Illinois Supreme Court spokesman Joe Tybor said the court's application was limited to the criminal justice center, but that Callis reserved an opportunity for expansion.

In a neighboring court, Chief Judge John Baricevic of the 20th Judicial Circuit, which encompasses Monroe, Perry, Randolph, St. Clair and Washington counties, said over the telephone Wednesday his circuit will observe the pilot program.

"We'll see what issues pop up," he said. "What's good, what's bad and look forward to the results."

"There's competing issues here," he said with reference to the broader issue of media access versus the ability to serve justice.

"There's some practical issues: courtrooms are set up for sound. Those technical issues have to be looked at. Jury issues, witness issues.

"There's a lot of issues that may or may not be important, but we don't know that yet. We're going to take that slowly. Eventually, we will be there, that is have cameras in the courtroom. We will wait and see if any issues develop."

The Illinois Supreme Court announced in January that for the first time news recording in Illinois trial courtrooms would be allowed.

The new policy gives absolute discretion to the trial judge on whether to allow extended media coverage of a proceeding, notwithstanding a request by the news media. Consistent with Article VI, Section 7 (c) of the Illinois Constitution which grants supervisory authority to the chief judge over his circuit, the policy also gives discretion to the chief judge to disallow coverage.
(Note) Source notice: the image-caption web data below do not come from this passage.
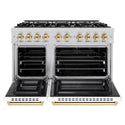 ZLINE Autograph Edition 48 in. 6.7 cu. ft. Select Double Oven Dual Fuel Range with 8 Burner Gas Cooktop in Satin Stainless Steel with White Matte Doors and Polished Gold Accents, Open Box-Great Condition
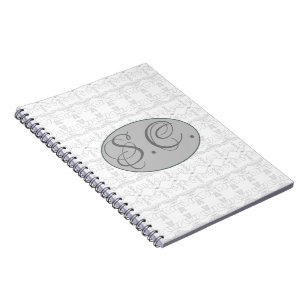 Caderno Espiral Notebook Monograma Personalizado Espiral Em Cinzas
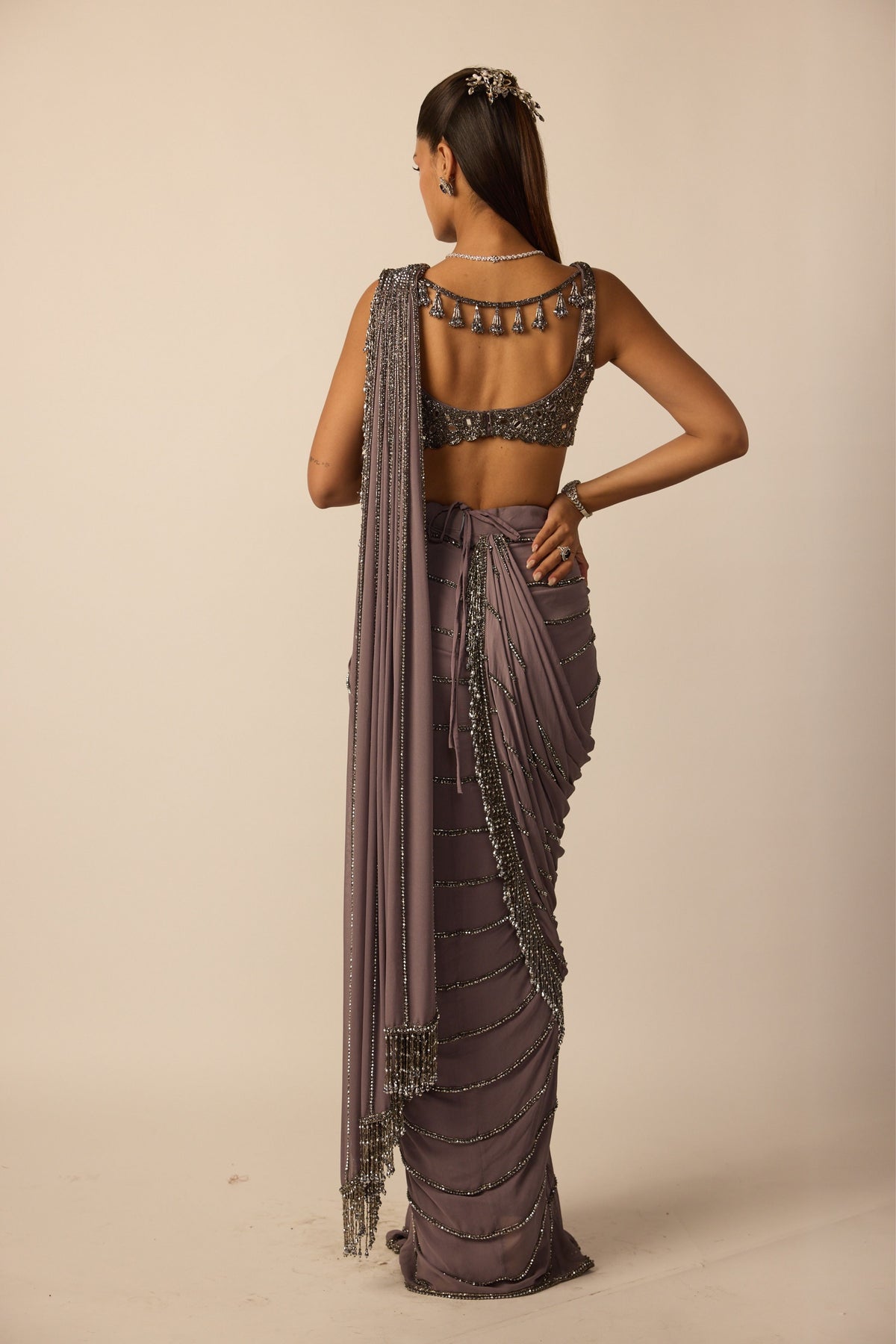 Metallic Grey Linear Draped Saree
It also provides that the media, through a media coordinator, must request extended media coverage at least 14 days in advance of the time the proceeding is scheduled, although the time frame may be expanded or reduced by the judge. It allows for no more than two video cameras and no more than two still photographers. It encourages media pooling in all regards, and requires media pooling when there are more media requesting extended coverage than the number the judge allows.